Now, this issue is partially addressed by default in the iPhone or iPod touch's settings. I'll go to Settings>Mail, Contacts, Calendars, and here I'll select the POP account I've created. Now, I'll choose Advanced. And here under Incoming Settings, notice that Delete from server is set to Never. This means that when my iPhone grabs new messages from the server, it leaves a copy on the server, which is then recognized by my home computer as a new message, so it will be downloaded to my home computer as well.
But this is only useful if my iPhone sees the new message before my computer does. If my computer sees the new message first, it might grab it and delete it off the server before my iPhone downloads it. So, to make sure the email on your iPhone and computer stays synced, you have to set up a similar preference on your computer's email client as well. Essentially, you want to find the preference that tells your computer's email program to leave messages on the server just like the setting on the iPhone does. If you're using Mail on a Mac, go to Mail>Preferences, and select your account.
Then go to the Advanced Tab, and uncheck Remove copy from server after retrieving a message. If you're using Microsoft Outlook on Windows, here I'll go to the File Tab, to my Account Settings, double-click my account. And here, I'll click More Settings. Under the Advanced Tab, I'll uncheck Remove from server after, in this case 14 days, but that doesn't matter because I'm unchecking it.
If you use another email program, you should still be able to find the setting to leave messages on your server. So, basically with both your iPhone and your computer leaving new messages on the server, both should have identical copies of incoming messages in their inboxes. But of course, this doesn't address the issue of sent messages being stored on two separate devices. So, if you compose an email and send it from your iPhone, a copy of the sent message will not be on your home computer, and you'll have to look on your phone if you need to check what you wrote. Really, POP email can be a huge headache when you're managing email on multiple devices.

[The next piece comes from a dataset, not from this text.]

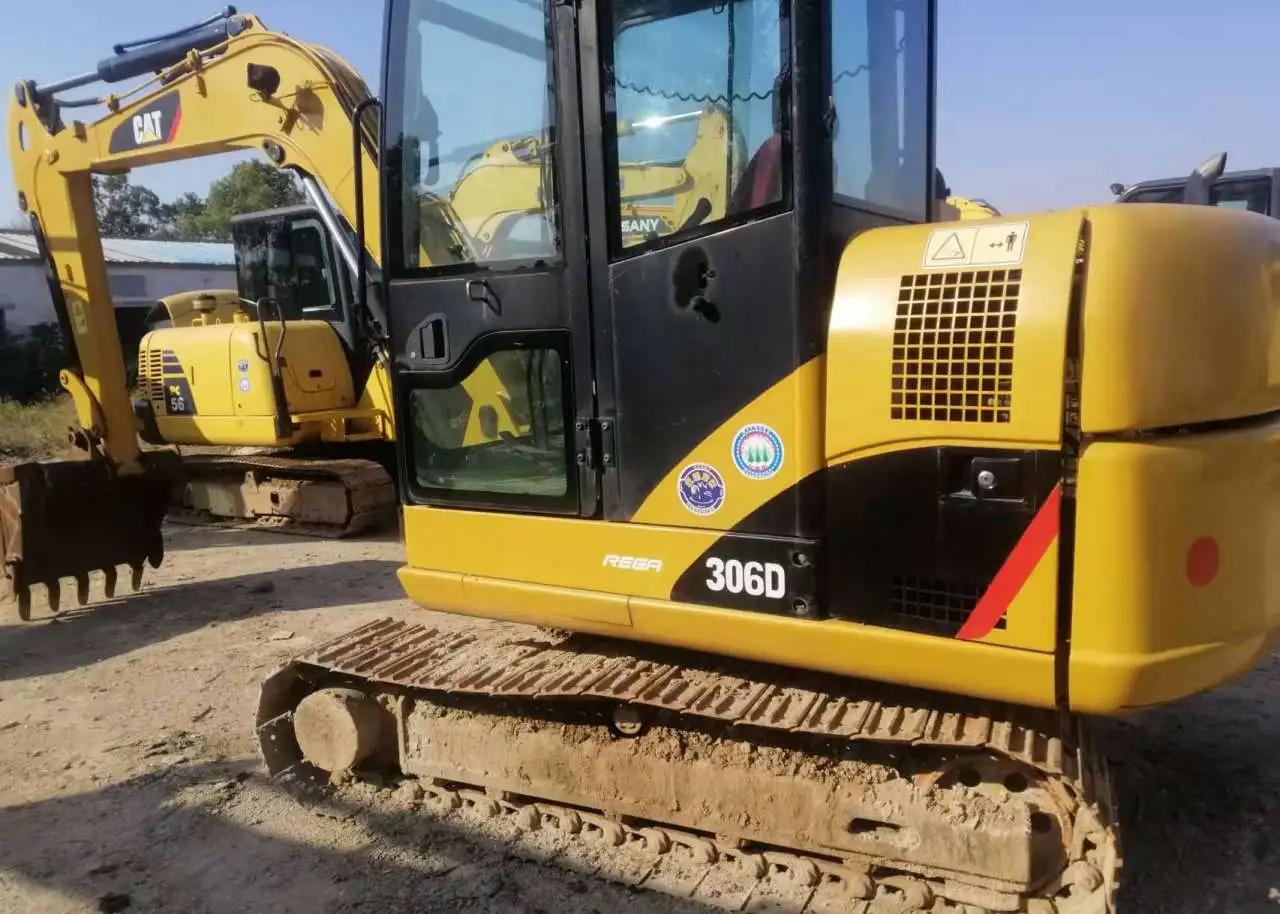 Экскаватор Caterpillar CAT306D, фотография 1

That's why most email providers and email users use the IMAP email protocol. Unlike POP email, IMAP email is all kept and managed online. So, if you read a new incoming message on your computer, your iPhone will still download a copy of the message as well. It just won't show up as a new message since you will have already read it on your computer, and that will be reflected on the IMAP server. But that's actually a good thing because once you read an email message on your computer, you don't want to get a notification on your phone that you have a new email message only to find it's the one you already read. The important thing is that your email messages, both received and sent, will remain synced across your devices if you're using an IMAP account.
And like I said, many email providers have both POP and IMAP services available these days. So if you have a choice, I definitely recommend going with IMAP. You won't have to go in and change any of those preferences we were looking at in your computer's email programs or on your iPhone, and managing, and reading email will be a lot less time-consuming because you'll have identical information on both your computer and your device. Now, if you have an email address through your work and it's a Microsoft Exchange Service or if you're using an iCloud or GMail account, then you don't have to worry about any of this. All the email on your devices will always be synced.
The info I discussed in this movie is really only to explain the differences between POP and IMAP accounts and the impact they have on email management.